SUPPLIED ENTRIES below:

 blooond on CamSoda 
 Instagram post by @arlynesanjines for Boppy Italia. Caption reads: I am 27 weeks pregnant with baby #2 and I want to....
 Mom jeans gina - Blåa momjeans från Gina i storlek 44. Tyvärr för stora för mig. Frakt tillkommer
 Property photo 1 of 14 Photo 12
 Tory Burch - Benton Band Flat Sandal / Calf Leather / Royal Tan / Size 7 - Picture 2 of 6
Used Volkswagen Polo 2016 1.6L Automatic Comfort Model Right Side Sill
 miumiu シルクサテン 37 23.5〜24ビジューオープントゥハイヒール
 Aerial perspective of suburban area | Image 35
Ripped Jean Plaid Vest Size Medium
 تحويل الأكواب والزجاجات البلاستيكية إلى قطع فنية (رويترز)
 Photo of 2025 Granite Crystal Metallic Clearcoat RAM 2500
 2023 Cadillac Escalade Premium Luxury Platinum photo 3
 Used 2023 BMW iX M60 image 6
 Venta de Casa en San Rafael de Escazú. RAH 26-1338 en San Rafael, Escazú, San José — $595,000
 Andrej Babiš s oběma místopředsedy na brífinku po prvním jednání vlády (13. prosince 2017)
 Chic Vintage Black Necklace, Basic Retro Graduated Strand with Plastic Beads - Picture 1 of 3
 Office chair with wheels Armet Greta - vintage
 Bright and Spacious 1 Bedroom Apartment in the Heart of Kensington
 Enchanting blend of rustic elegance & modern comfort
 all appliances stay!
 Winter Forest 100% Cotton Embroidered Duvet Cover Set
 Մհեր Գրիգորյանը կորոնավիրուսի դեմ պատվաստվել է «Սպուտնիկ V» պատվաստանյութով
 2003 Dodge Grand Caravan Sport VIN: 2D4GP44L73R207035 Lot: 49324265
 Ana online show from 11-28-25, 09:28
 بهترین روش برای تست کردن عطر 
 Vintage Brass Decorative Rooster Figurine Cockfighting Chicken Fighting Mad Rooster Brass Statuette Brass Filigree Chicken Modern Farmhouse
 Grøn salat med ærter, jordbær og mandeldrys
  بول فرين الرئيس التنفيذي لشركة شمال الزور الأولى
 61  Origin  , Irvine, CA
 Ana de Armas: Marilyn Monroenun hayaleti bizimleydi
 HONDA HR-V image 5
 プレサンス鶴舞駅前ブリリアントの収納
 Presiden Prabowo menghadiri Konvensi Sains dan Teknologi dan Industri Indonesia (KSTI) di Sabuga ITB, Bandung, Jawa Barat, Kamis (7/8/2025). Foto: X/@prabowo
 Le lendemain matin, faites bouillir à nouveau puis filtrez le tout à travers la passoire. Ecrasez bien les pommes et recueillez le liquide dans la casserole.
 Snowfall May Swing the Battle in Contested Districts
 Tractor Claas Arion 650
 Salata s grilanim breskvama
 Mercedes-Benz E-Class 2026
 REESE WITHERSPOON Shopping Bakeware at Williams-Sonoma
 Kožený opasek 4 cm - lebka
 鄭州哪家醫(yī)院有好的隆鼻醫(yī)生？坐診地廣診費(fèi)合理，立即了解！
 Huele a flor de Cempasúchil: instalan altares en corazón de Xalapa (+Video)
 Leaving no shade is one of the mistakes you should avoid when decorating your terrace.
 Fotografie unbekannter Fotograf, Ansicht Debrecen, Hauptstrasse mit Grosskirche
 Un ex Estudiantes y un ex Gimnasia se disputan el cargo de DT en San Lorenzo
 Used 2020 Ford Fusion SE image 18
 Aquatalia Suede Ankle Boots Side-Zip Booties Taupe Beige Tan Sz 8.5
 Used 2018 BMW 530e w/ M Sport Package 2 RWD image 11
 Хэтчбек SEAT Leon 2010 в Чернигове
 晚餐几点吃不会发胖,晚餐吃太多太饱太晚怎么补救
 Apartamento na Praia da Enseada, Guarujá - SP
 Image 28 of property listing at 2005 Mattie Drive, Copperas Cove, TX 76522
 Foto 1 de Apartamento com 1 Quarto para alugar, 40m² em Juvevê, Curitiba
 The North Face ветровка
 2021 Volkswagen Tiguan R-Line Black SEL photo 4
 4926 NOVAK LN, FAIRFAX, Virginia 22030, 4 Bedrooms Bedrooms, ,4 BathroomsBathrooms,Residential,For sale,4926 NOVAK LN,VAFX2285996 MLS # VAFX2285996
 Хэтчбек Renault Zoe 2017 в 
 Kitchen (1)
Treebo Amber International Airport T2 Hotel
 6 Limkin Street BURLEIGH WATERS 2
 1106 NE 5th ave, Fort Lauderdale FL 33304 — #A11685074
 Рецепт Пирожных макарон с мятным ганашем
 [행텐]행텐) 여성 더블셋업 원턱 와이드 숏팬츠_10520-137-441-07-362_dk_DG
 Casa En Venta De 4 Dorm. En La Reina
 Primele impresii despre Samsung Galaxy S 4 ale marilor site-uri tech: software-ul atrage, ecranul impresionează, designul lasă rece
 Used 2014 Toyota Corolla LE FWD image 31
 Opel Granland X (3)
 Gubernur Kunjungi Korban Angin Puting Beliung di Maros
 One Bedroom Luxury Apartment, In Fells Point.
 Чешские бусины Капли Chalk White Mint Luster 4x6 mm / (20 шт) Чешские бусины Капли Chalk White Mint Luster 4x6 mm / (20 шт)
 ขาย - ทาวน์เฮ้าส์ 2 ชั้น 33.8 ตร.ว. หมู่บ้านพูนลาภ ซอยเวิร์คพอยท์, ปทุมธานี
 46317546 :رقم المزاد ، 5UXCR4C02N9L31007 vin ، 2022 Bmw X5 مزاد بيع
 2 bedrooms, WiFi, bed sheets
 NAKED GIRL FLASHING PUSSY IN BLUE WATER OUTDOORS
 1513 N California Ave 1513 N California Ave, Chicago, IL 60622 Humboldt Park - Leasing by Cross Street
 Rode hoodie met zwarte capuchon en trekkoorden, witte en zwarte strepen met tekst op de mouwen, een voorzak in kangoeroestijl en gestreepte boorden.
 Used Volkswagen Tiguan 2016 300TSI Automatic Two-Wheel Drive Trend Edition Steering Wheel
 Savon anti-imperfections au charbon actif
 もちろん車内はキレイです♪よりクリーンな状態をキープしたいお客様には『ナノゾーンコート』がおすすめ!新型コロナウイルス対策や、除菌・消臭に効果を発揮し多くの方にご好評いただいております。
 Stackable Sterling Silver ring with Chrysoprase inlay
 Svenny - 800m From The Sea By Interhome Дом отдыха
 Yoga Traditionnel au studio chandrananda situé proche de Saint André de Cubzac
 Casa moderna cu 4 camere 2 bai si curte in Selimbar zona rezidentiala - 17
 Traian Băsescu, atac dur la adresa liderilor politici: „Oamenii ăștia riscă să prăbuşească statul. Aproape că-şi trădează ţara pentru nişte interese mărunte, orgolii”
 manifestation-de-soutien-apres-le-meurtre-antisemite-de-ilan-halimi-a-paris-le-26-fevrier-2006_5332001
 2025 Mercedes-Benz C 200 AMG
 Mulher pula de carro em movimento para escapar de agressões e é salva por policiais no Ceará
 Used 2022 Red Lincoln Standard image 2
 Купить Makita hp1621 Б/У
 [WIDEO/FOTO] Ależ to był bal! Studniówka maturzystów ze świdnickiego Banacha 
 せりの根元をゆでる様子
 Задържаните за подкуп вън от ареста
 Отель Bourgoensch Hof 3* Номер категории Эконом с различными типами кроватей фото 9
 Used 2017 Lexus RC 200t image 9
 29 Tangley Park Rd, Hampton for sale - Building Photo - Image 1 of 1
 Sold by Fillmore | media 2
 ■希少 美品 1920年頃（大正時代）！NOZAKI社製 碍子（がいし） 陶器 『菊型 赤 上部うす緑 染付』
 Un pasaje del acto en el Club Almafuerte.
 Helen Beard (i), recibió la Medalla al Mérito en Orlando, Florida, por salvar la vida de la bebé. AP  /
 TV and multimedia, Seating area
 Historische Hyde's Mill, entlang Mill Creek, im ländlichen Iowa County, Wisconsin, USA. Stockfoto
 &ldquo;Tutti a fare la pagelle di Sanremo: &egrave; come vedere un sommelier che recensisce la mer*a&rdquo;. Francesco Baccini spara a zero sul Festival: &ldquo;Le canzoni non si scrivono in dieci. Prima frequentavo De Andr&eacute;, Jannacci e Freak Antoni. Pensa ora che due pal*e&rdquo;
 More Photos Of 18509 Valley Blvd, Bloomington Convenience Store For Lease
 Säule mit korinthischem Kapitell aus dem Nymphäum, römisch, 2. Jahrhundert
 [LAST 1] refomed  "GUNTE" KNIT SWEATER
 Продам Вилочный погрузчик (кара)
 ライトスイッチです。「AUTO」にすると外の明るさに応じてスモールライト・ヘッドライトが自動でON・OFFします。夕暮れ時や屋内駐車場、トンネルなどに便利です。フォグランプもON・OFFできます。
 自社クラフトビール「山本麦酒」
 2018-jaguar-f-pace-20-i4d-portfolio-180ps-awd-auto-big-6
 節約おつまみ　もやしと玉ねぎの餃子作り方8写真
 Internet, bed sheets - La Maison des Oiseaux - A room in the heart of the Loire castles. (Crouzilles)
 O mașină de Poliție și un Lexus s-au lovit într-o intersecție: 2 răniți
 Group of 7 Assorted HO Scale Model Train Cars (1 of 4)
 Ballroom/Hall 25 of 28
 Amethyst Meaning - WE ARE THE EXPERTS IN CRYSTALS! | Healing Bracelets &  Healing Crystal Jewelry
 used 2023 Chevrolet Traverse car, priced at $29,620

End of SUPPLIED ENTRIES.

## WHAT YOU NEED TO DO
The answer should consist of the lines from the first line of the entries through the line with "Used Volkswagen Polo", copied exactly.

## REPLY
 blooond on CamSoda 
 Instagram post by @arlynesanjines for Boppy Italia. Caption reads: I am 27 weeks pregnant with baby #2 and I want to....
 Mom jeans gina - Blåa momjeans från Gina i storlek 44. Tyvärr för stora för mig. Frakt tillkommer
 Property photo 1 of 14 Photo 12
 Tory Burch - Benton Band Flat Sandal / Calf Leather / Royal Tan / Size 7 - Picture 2 of 6
Used Volkswagen Polo 2016 1.6L Automatic Comfort Model Right Side Sill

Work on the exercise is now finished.